Return the lines below exactly, please, from the one containing "Lámpara De Terapia" through the last one, both included, and leave out any pictures.

*Dataset extract:*
=== Begin Enclosure ===

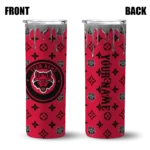 customized-arkansas-state-red-wolves-camo-streak-scarlet-skinny-tumbler-best-selling.webp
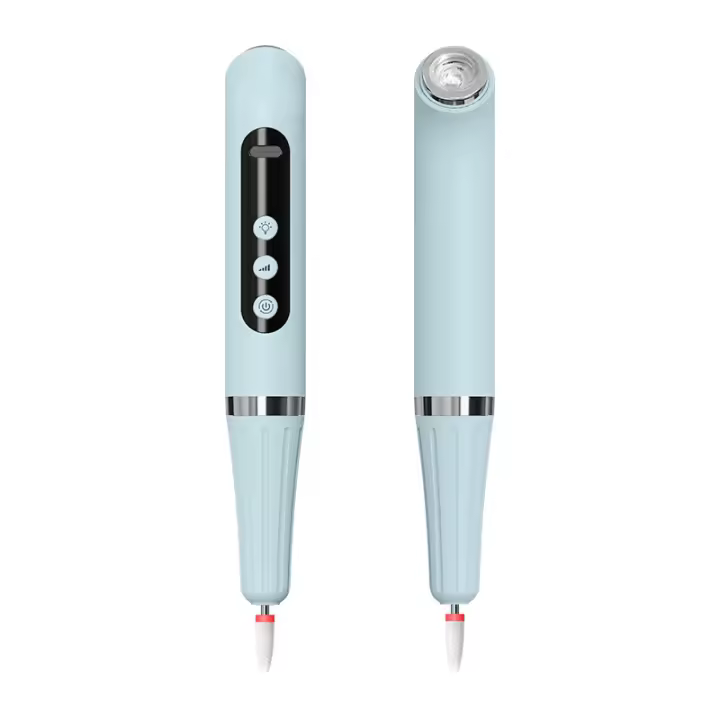 Lámpara De Terapia De Polvo Portátil Multifuncional Para Arte De Uñas Con Batería Recargable Y Polishing Pen Herramienta De Manicura Eléctrica - 1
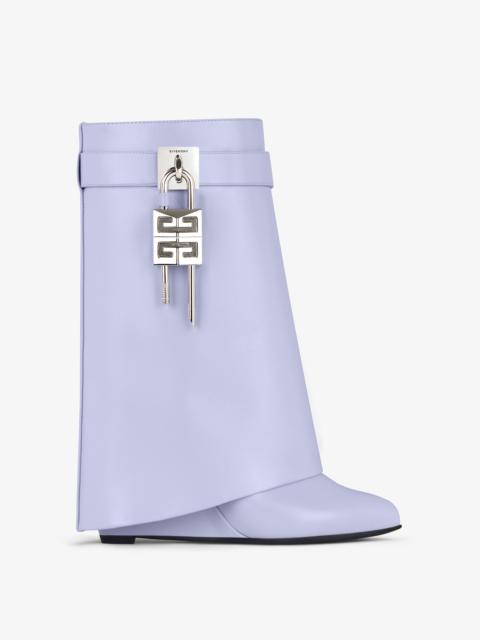 Givenchy SHARK LOCK ANKLE BOOTS IN LEATHER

=== End Enclosure ===

*Result:*
 Lámpara De Terapia De Polvo Portátil Multifuncional Para Arte De Uñas Con Batería Recargable Y Polishing Pen Herramienta De Manicura Eléctrica - 1
 Givenchy SHARK LOCK ANKLE BOOTS IN LEATHER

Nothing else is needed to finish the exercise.